The first scene is a break-up; it's dawn on a Monday in June of 1961 (the time and year is expressly noted by a title card) and Vittoria (Monica Vitti) is breaking up with Riccardo (Francisco Rabal) in his apartment. There are no raised voices or arguments; the relationship has entered an entropic state, so much that at one point Riccardo sits motionless and zombie-like in his chair while Vittoria continues her long, tentative exit from the apartment. If you managed to avoid marriage for most or all of your twenties, it's all painfully familiar, a love affair run out of steam, with Vittoria signalling her need to escape by opening the window curtains and staring desperately outside.
What Vittoria sees through the window is the EUR, the planned neighbourhood built around the grounds of the Esposizione Universale Roma, the 1942 World's Fair that Italy was supposed to host until Mussolini declared war on half the world. Despite being bombed during the war, Italy decided to retain and repair the area and finish developing it with modernist buildings that harmonized with the fascist architecture.
Bernardo Bertolucci would also showcase the neighbourhood in The Conformist (1970), and Antonioni lavishes long, wide shots on the landscape and landmarks of the EUR, like Il Fungo, the mushroom-shaped water tower/restaurant that looms over Vittoria and Riccardo as he walks her home to her apartment in a tidy modern block of flats. The EUR was a planned development, but it wasn't meant to warehouse workers being relocated to the suburbs as much as it attracted a prosperous new, young middle class who didn't want to live in Rome's cramped, ancient downtown.

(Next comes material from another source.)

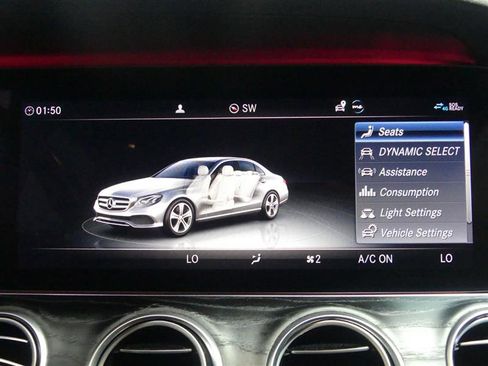 Used 2020 Mercedes-Benz E 350 4MATIC Sedan w/ Premium Package image 45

The film follows Vittoria over the summer, as she travels between the EUR and downtown Rome, where she visits the stock exchange building built on the foundations of a temple to the Emperor Hadrian. She's there to see her mother, a war widow caught up in what we'd call day trading, speculating on stocks in the hope of making quick money. While there, she meets Piero (Alain Delon), her mother's handsome young stock broker.
Most of the film until Vittoria and Piero begin a romance is episodic, following Vittoria around while she occupies her days evading Riccardo and spending time with friends. The scenes in the stock exchange are the most frantic; Antonioni is clearly fascinated with the rituals and bellowing frenzy of the pre-digital trading floor, with its paper notepads and telephone booths and manually-operated scoreboard for stock prices.
Like most movies about the market, there's very little sense that Antonioni actually understands how shares are traded as much as he loves the high drama and emotional turmoil of the players as they lose millions during one day of heavy losses. It's here that the camera shifts focus from Vittoria to Piero, spending a fraught night with him as he tries to collect on the losses incurred during the day.
The scenes with Vittoria and her girlfriends Anita (Rossana Rory) and Marta (Mirella Ricciardi) would probably cause Antonioni's film no end of trouble today. Marta's husband owns a farm in Kenya, and their apartment is filled with hunting rifles, African crafts and souvenirs and photos of natives; she professes her love for the place while describing the restive population, primed with post-colonial unrest, as "monkeys." Vittoria seems to struggle to contain her disapproval of Marta's racism, but then this happens:
It's hard to tell whether Vittoria's blackface dance is an expression of her own racism or a way of living out the envy she expresses for the women in Marta's pictures. Antonioni's camera doesn't flinch, and the scene is unsurprisingly problematic for young viewers of the film today, like the reviewer on the Edinburgh Cinema Club blog who describes it as a "dreadful display."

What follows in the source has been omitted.